Con el paso del tiempo, algunas mitologías iban perdiendo truculencia, otras, en cambio, se volvían más complejas y ni qué decir de cuando llegaba el momento de debutar como protagonistas y el mito encendía la historia personal.
No obstante, los humanos tenemos recursos para, a pesar de todo, mantenernos en la idiocia del no avivado gracias a un importante caudal de disociación. Diré una tontería, de esas que nos lleva años de tropezones o de diván desentrañar: mientras pudo, cada cual defendió su último bastión, disociándolo del resto entendíamos que nuestra madre no. “¡Con mi madre no te metas!” respondíamos a menudo cuando alguien se soliviantaba imprecándonos con un “¡hijo de puta!”… Resultaba natural que ella quedase aparte porque, según dice el tango, las mujeres siempre son las que matan la ilusión en tanto la vieja… resultaba natural porque claro, con el enigma sexual ingresábamos a la cultura y el señor más o menos circunspecto que la acompañaba a título de padre era módico carpintero, sea cual fuere su profesión, dedicado a labrar otras maderas. Obviamente, lo supo el cristianismo al entregarnos la versión de la voladora paloma del santo espíritu. Es notable el modo en que logró imponer, incluso entre quienes poco observan ritos y reglas del dogma religioso, la devoción por la Virgen que, obviamente, se escribe con mayúscula como excepción a la regla de la concepción y enfática reafirmación narcisista, porque al contemplarnos como Narciso ante el estanque de agua en la imagen de la Madre Virgen -que es Una sola- vislumbramos que ella cree que somos Dios.
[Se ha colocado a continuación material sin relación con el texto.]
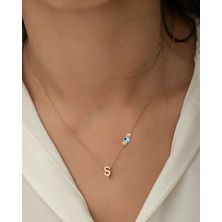 Papatya Silver 925 Ayar Gümüş Nazar Gözlü Dorika Toplu Harf Kolye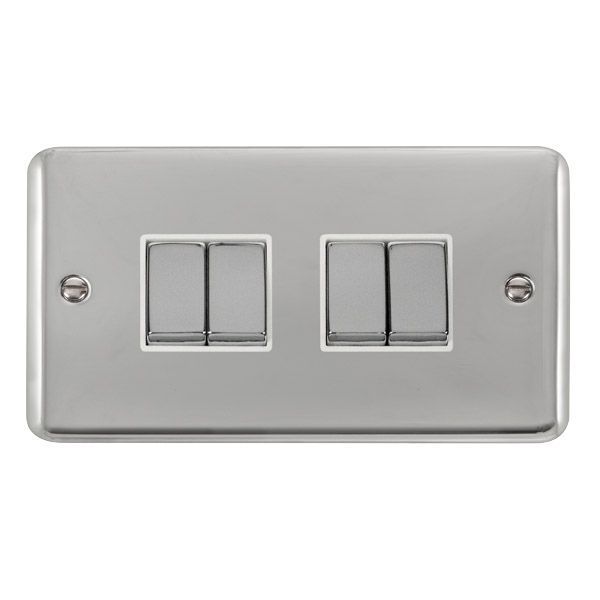 Watch a video of the Click DPCH414WH Deco Plus Polished Chrome Ingot 4 Gang 10AX 2 Way Plate Switch - White Insert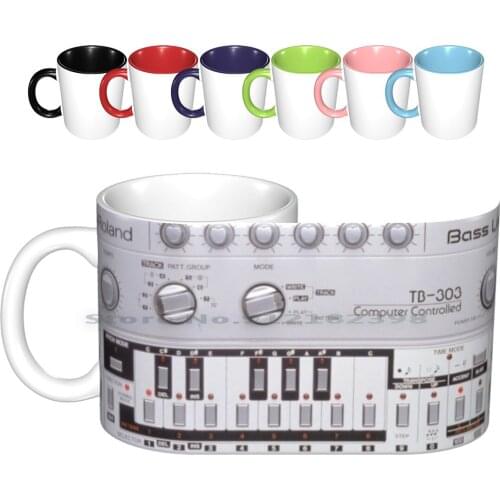 Roland Tb-303 Ceramic Mugs Coffee Cups Milk Tea Mug Tape Recorder Reel To Reel Machine Vintage Analogous Music Experimental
Para algunas cuestiones decisivas me servirá de guía el excelente libro El nacimiento de Jesús, escrito por un respetado historiador bíblico de nuestro tiempo, Geza Vermes.1>
Los relatos acerca del nacimiento y la infancia de Jesús son más que infrecuentes en los evangelios. Nada se dice en el de Marcos, redactado aproximadamente en el año 70 d.C., tampoco en el de Juan, de comienzos del siglo segundo d.C. Son Mateo y Lucas quienes relatan el nacimiento de Jesús en suplementos introductorios a sus respectivos evangelios, que datan de las dos décadas finales del siglo I d.C. Las fechas son tentativas, porque estuvieron sujetos a innumeras redacciones de copistas y traductores, principalmente al griego, las más de las veces interesadas en alcanzar coherencia, enmendando los dislates del dictador original, el inefable Espíritu Santo. Atendiendo a que las narraciones sobre el nacimiento e infancia constituyen historias aparte, totalmente ausentes en el cuerpo principal de los mentados evangelios, se infiere que se trata de relatos agregados con posterioridad para dar fuerza al carácter fabuloso del protagonista y a la vez colocar en el centro de la escena algo sin precedentes en las narraciones hebreas: la condición virginal de su madre.
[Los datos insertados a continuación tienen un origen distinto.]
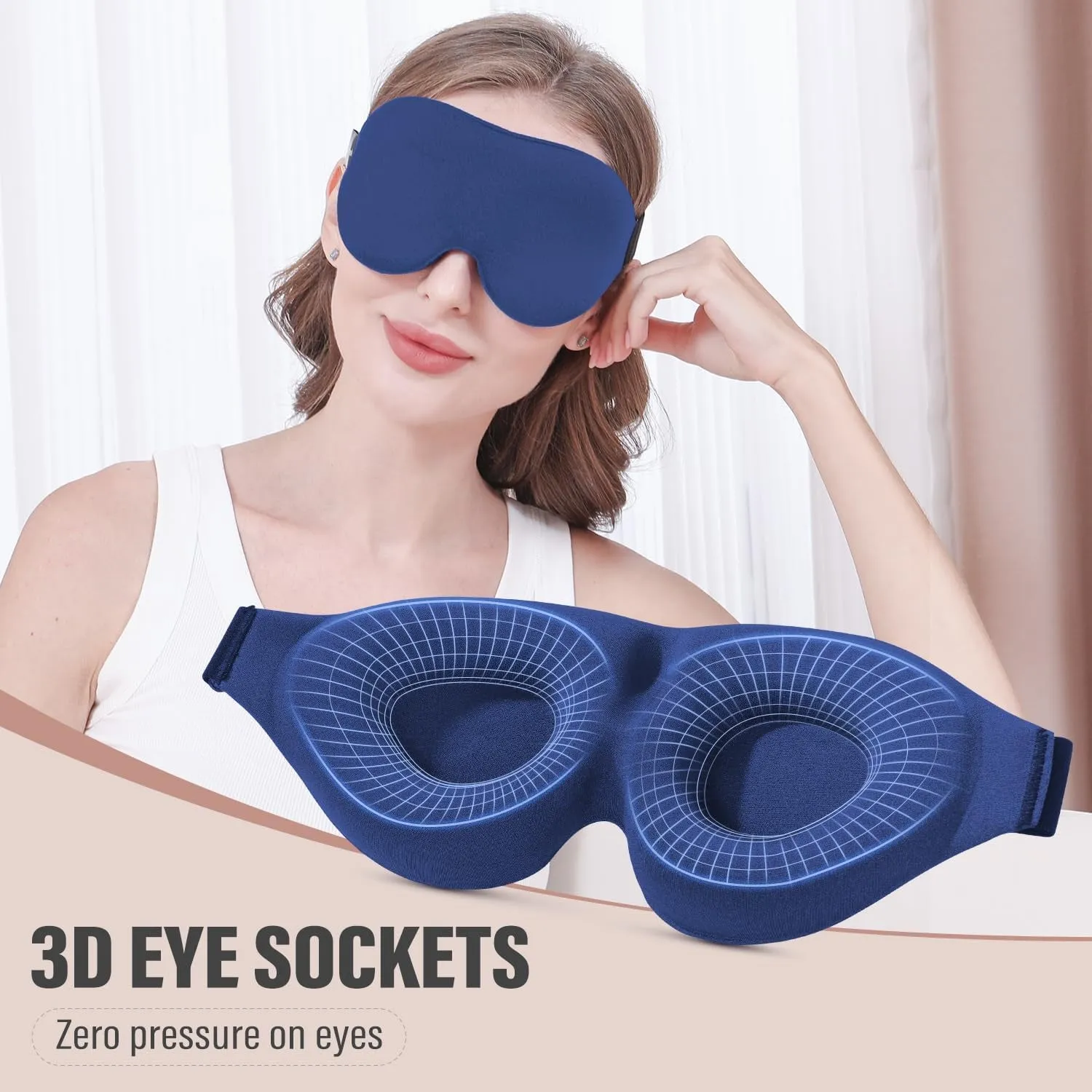 3D Sleeping Eye Mask, Soft Breathable Eye Cover for Women Men, Relaxing Zero Pressure Night Blindfold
De los dos evangelios donde se anuncia la concepción de Jesús, el de Lucas resulta ambiguo, detengámonos en él para luego pasar a Mateo, donde se sostiene la virginidad de María. Según Lucas, el ángel Gabriel se presenta ante ella y le anuncia: “Alégrate, llena eres de gracia, el Señor está contigo”. Confundida, sin saber de qué se trata, María quiere alguna explicación y el ángel continúa, aduciendo que habrá de concebir un hijo en sus entrañas y al darlo a luz deberá llamarlo Jesús. Engolado con su anuncio, el ángel agrega que será conocido como “Hijo del Altísimo”, heredará el trono de David y en un tiempo sin fin reinará sobre la casa de Jacob. Consternada ante la magnitud de la oferta, María responde lo obvio: que aún no ha conocido hombre -como luego veremos no tenía más de doce años-. Avanzando sobre la niña el ángel replica que la sombra del Espíritu Santo la cubrirá, y por si la alegoría no fuese suficiente argumenta que seis meses antes su pariente Isabel había sido premiada y preñada en su estéril vejez y poco después daría a luz -a Juan el Bautista-. Ante argumentos tan divinos como contundentes María se dispone a recibir la palómica gracia y el ángel, cumplido su cometido, se va sin saludar. No hay, en el relato de Lucas, mención alguna a que entre la Anunciación y el nacimiento del vástago su prometido, el carpintero José, se abstuviera de “conocerla” -bíblicamente hablando-. Esto es decir que desde la perspectiva de Lucas el embarazo de la pequeña María se ubica en la línea de otras preñeces extraordinarias que abundan en el Antiguo Testamento, donde una visita complementaba divinamente la sexualidad entre los esposos. De paso acoto: ¡Cuántos miles de mujeres tuvieron destino de hoguera en la Edad Media cuando la Inquisición entendía que el visitante había sido de Belcebú!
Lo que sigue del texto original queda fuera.